Stored records:

━━━━━━━━━━━━━━━━━━━━

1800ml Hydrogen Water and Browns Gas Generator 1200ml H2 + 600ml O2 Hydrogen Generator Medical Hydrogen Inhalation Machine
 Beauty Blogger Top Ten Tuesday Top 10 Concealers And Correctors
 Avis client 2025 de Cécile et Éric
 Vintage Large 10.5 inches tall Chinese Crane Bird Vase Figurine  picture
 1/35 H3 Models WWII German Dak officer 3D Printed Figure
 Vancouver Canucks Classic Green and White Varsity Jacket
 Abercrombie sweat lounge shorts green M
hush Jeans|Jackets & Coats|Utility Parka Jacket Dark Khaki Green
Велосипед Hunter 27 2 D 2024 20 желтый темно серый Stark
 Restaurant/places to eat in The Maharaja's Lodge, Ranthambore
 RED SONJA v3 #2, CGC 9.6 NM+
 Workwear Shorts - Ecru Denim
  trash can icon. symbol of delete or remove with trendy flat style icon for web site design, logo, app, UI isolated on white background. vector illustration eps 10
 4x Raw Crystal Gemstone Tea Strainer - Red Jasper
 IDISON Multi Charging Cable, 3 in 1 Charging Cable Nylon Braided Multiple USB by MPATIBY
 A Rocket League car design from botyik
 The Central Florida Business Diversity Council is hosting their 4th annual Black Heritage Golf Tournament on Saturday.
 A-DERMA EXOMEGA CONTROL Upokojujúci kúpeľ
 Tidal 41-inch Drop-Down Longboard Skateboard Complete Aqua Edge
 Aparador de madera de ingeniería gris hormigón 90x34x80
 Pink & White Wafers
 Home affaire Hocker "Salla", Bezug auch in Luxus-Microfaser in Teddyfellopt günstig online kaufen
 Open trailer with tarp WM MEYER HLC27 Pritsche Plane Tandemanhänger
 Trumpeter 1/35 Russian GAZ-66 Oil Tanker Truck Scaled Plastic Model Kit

━━━━━━━━━━━━━━━━━━━━

The answer is every line in the data where the word "design" appears.

Answer below:
  trash can icon. symbol of delete or remove with trendy flat style icon for web site design, logo, app, UI isolated on white background. vector illustration eps 10
 A Rocket League car design from botyik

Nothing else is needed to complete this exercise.